# ABOUT THIS EXERCISE
The answer is the data below, repeated exactly, with no pictures included.

# DATASET EXCERPT
--

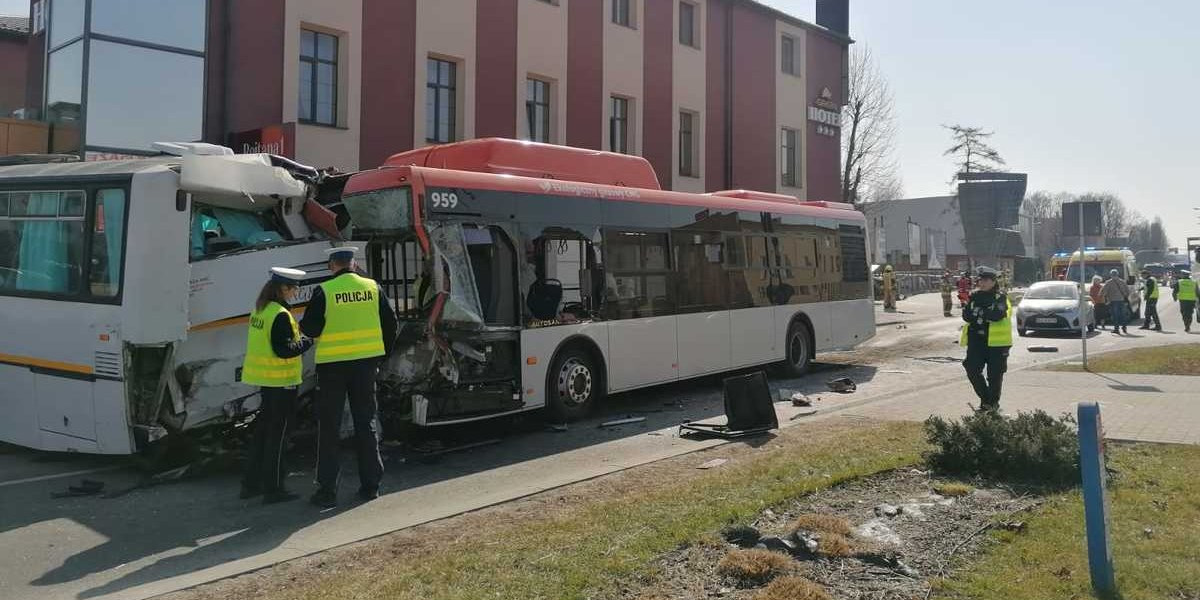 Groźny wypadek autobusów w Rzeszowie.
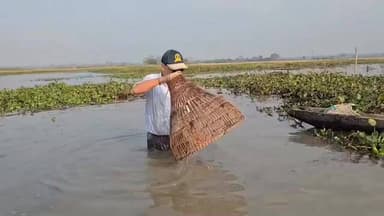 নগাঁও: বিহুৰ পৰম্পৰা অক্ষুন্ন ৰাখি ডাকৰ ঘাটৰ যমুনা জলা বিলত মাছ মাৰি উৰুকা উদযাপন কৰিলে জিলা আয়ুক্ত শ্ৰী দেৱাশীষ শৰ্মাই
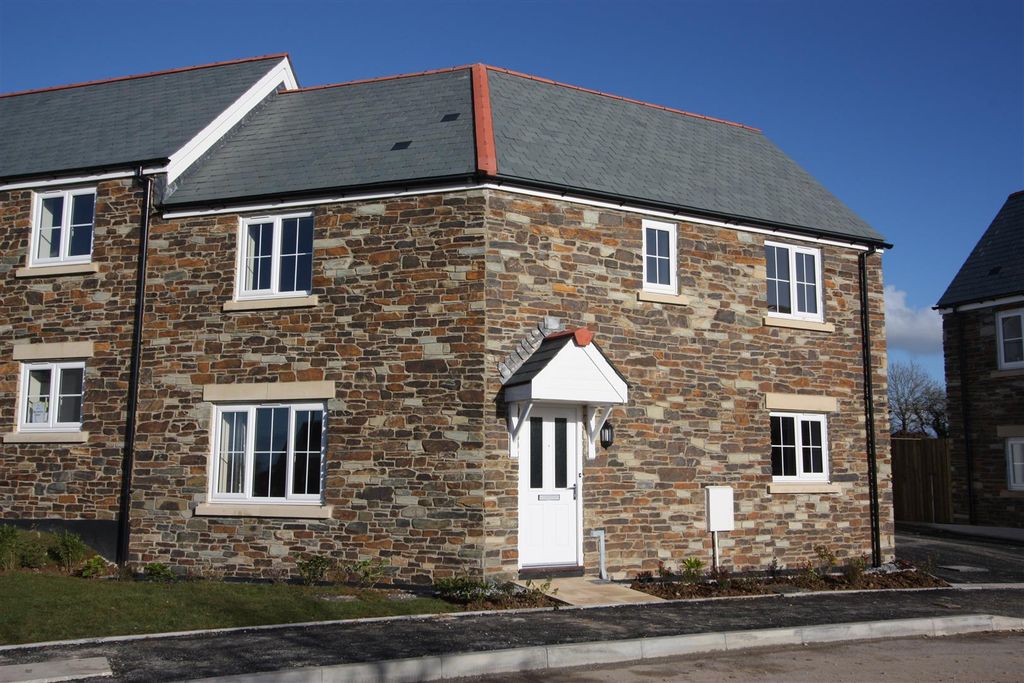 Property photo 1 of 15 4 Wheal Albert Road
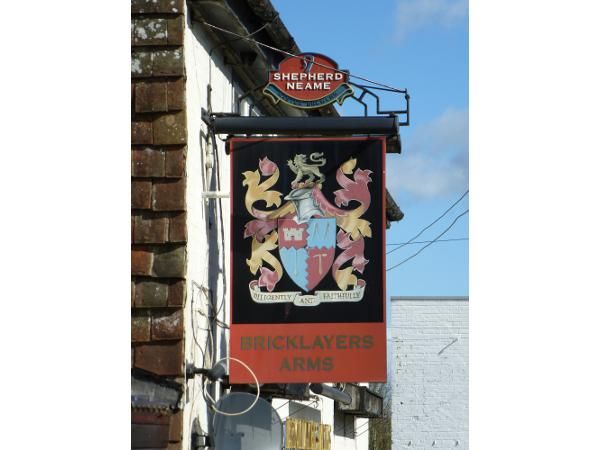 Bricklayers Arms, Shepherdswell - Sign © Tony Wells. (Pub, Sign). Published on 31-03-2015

--

# SOLUTION
 Groźny wypadek autobusów w Rzeszowie.
 নগাঁও: বিহুৰ পৰম্পৰা অক্ষুন্ন ৰাখি ডাকৰ ঘাটৰ যমুনা জলা বিলত মাছ মাৰি উৰুকা উদযাপন কৰিলে জিলা আয়ুক্ত শ্ৰী দেৱাশীষ শৰ্মাই
 Property photo 1 of 15 4 Wheal Albert Road
 Bricklayers Arms, Shepherdswell - Sign © Tony Wells. (Pub, Sign). Published on 31-03-2015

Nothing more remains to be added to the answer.